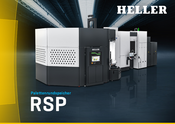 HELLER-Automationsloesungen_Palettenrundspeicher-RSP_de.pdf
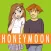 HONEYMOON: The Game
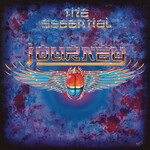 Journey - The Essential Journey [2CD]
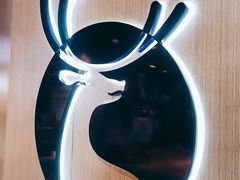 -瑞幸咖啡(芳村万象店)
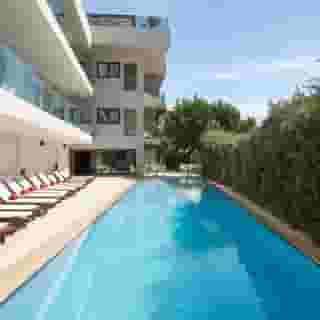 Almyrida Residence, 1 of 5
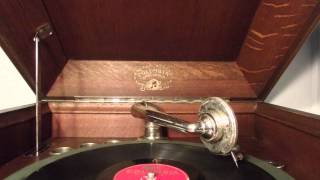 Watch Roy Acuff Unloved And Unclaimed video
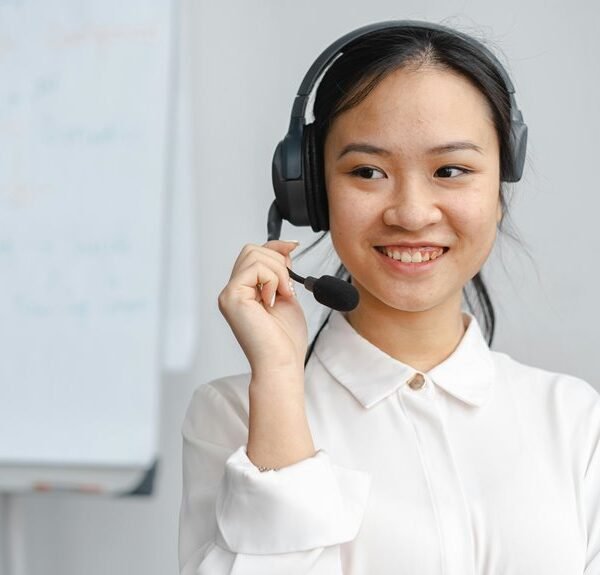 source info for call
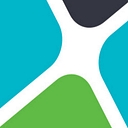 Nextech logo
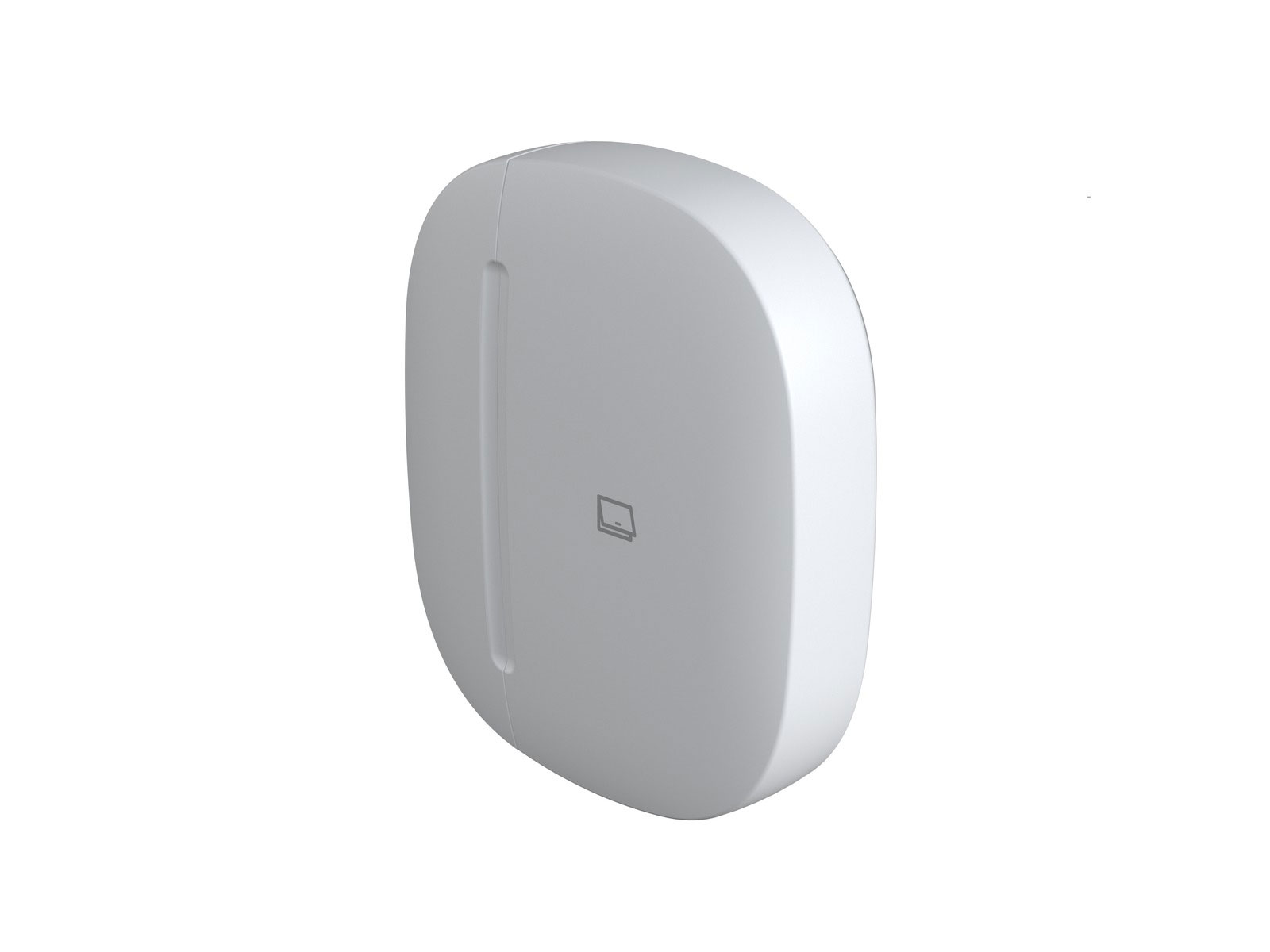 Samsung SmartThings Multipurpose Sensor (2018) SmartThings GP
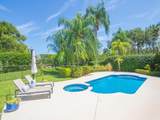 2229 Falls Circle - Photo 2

□ □ □ □

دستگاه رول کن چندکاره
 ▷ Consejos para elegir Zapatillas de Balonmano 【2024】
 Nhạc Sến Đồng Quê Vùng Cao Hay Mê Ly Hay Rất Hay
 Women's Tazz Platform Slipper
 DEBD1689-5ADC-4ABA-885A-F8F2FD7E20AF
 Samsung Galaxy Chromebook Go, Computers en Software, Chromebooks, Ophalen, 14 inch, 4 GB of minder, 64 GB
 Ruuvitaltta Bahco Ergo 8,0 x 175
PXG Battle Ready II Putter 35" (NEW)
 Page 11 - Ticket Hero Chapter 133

□ □ □ □

Go to the line above that contains "HELLER-Automationsloesungen_Palettenrundspeicher-RSP_de.pdf" and reproduce everything exactly from there through the line that contains "Nextech logo", leaving out the pictures.

◆ Solved exercise:
 HELLER-Automationsloesungen_Palettenrundspeicher-RSP_de.pdf
 HONEYMOON: The Game
 Journey - The Essential Journey [2CD]
 -瑞幸咖啡(芳村万象店)
 Almyrida Residence, 1 of 5
 Watch Roy Acuff Unloved And Unclaimed video
 source info for call
 Nextech logo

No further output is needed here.